|
TYNDALL DISTRICT
This district lies upon the west side of the Santa Rita Mountains, and
extends from the Rio Sonoita northward a distance of eighteen miles, a very
small section of the area being in Pima County. The width of the
district is about six miles. The region is rough and rugged, the three
highest peaks of the Santa Ritas (Mount Hopkins, Old Baldy and Josephine
Peak) being at the north and east edges of the district, and the surface of
the entire district is cut deeply by the canyons and gulches draining their
slopes. Elevations vary from 3,500 to 9,000 feet. Geologically the district
embraces a wide variety of formations, and the ore occurences are extensive.
The Tyndall District was the seat of some of the earliest mining of which
there is any record on the Pacific Slope of the United States, cited in the
opening pages of this bulletin ; the Jesuit missionaries at Tumacacori
having discovered and wrought the Salero, Alto, Montosa, Wandering Jew, and
other properties as far back as 1688. American operation began with
acquisition of the Gadsden Purchase in 1856. The district embraces forty or
more mines or groups of mines, many of them presenting extensive development
and operations proceeding actively in quite a number. They include the Alto,
Apache, Arizona-Pittsburg, Aztec, Blacksmith,
Bland, Bradford, Burro, Camp Bird, Connecticut, Conquest Group,
Devil's Cash Box, Elephant Head, Eureka, Hermit's Home, Ivanhoe, John Allen,
Joplin, Jumbo, Mary & Poltski,
Montezuma, Montosa, M. & S., Rhode Island,
Rosario, Royal Blue, Salero,
Santa Rita, Sheehy Group, Tia Juana, Toluachi Group, Treasure Vault,
Trenton, Wandering Jew, Vulcan, etc.
ALTO MINES
These present an extensive development and have been very richly productive.

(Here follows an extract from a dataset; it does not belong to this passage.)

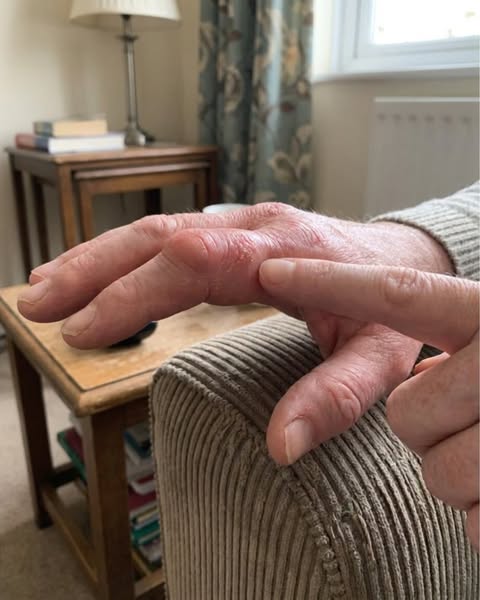The 7 Reasons Hand Pain Comes Back No Matter What You Do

The ground included was among the early discoveries of the Jesuits, who are
said to have continued operations in their primitive and desultory way
rather steadily for about 150 years. Their facilities for development, ore
extraction and reduction were crude and ineffective. Drill steel and
blasting powder were unknown. With rough iron bars they drilled to depths of
several feet into the rocks large round holes several inches in diameter,
which were filled with lime, plugged securely and water poured in. The
swelling lime rent the rocks, and when thrown out of place they were broken
further with hammers. That process necessarily must have been slow and
painful.Ores were packed to the surface on the backs of men, carrying rude
rawhide buckets, climbing out of shafts on rude ladders, poles with notches
cut into them. |
|
Ores were smelted in rude reverberatory
furnaces that were made from adobe, and after reduction the lead and
silver ore were separated by a rude cupelation in the same
furnace. In other regions where the ores carried
gold and
silver only the rock was milled with mercury in
arrastras, and the amalgam retorted crudely. Processes so crude were
slow and laborious. They were possible only with a laboring population but
little better than slaves, with wants limited and contented with a bare
subsistence. The property is located in the Salero region, about eight miles
east from the Santa Cruz River, at Tumacacori, where are to be seen the
ruins of the mission that was the home of the mining monks. About 1875 Mark
Lulley, now of Nogales, located a part of the ground under the name of the
Goldtree Mine. He sold it and there was taken out a great deal of high-grade
lead-silver
ore in the upper workings. A
dozen years ago the property was made over to the Alto Mining Company, under
which there was done a great deal of work, and that company was succeeded by
the Santa Cruz Smelter, Mines & Transportation Company. Now the ownership is
a subject of a complex litigation. There are about 10,000 feet of work,
several tunnels, with crosscuts, shafts, drifts, winzes, etc. The ores in
the lower workings are copper bearing. The geology of the Alto hill is
complicated, and a description would require too much space to serve the
purposes of this bulletin.
SALERO MINES
About three miles south from the Alto are antiguas also, wrought by the
Jesuits long, long ago ; and it was one of the first to which attention was
turned after American occupation sixty years ago, there clustering about it
traditions of some of the tragedies of Apache hate and ferocity. Until
recent years it was in operation, a steady producer of high-grade lead and
silver ores, but the death of the chief owners, following each other closely
some years ago, caused suspension of operations, and the property stands
idle. |
|
WANDERING JEW
This group of mines is north from the Alto, on the next ridge. In the
principal ledge there is considerable development, with a fine showing of
lead-silver ores, manifesting the usual tendency to run into
copper ore, the copper content increasing steadily as depth is
attained. The Jew is in the same ledge as the Lee shaft in the Ruby Mine, on
the east side of the main ridge, from which the Jew ridge is a spur, the
ledge being traced readily across the mountain down the other side. The
collar of the Lee shaft is lower in altitude than the deepest work in the
Wandering Jew, and at a depth of 400 feet the Ruby is distinctively a copper
producer. In the Wandering Jew the ore chutes are strong and well defined.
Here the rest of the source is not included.